The point of a representative government is that it is much harder for such a government to tyrannize its people than it is for non-representative governments. In an explicitly liberal government, infringing on explicitly acknowledged rights (or in the case of the US, those rights deriving from Natural Law regardless of their explicit acknowledgment [see Amendment IX]) certainly constitutes a tyrannical act.
Where you go wrong is to assume that a mechanism for preventing tyranny against individuals (liberal democracy) inherently, always and unconditionally does prevent tyranny against individuals. I assert that that assumption is incorrect: there are many instances where liberal democracies have tyrannized their people in ways both large (as in Britain effectively banning gun ownership or the US allowing the government to confiscate one person's property for the use of another person) and small (such as the various restrictions on commercial speech in the US). That assumption leads, I think, to your comment that "civil disobedience and revolution are almost never moral or justified" because there are ways to change the system to resolve injustices.
I believe that there is an inherent, inalienable and self-evident right — indeed, a duty — to change the government if that government becomes destructive of the ends of securing individual natural law rights. This could be by revolution, if necessary; though I agree with you that that should be rare, because less drastic methods will generally suffice to remedy even large injustices. (Well, at least for now; we seem to be becoming anesthetized by the Chinese water torture of small but growing infringements, such that most people seem quite happy to be subjects rather than citizens.)
I believe that there is an inherent right — indeed, a duty — to resist clearly unconstitutional laws and regulations. This could be anything from refusing to comply (I don't care what law is passed, I will endorse whatever candidates I want whenever I please) through symbolic protest (if a law (not an Amendment) banning flag desecration is passed and held constitutional, I will burn the Constitution) to large-scale civil disobedience (I would be willing to attempt to block the government from taking private property for other private people's gain, and to get arrested in the process).
Perhaps you would agree, and I have misinterpreted you. Certainly, I think that both courses of action are too frequently called for (and in the case of civil disobedience, too frequently attempted), and perhaps that is all you are really saying.

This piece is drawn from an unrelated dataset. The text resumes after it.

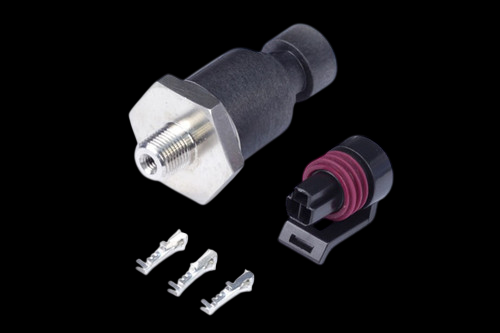 Haltech 2000 PSI pressure sensor with hex fitting, plug connector and three metal terminal pins on black background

As for me, the three bright lines I draw, the crossing of which would almost certainly lead me to kill government agents, are government agents trying to take my kids away from me, government agents bursting into my house in the middle of the night without first serving a warrant (how do I know they're really government agents?), or the various infringements of my liberties cumulatively becoming so intolerable that death is preferable to continued existence under such a regime.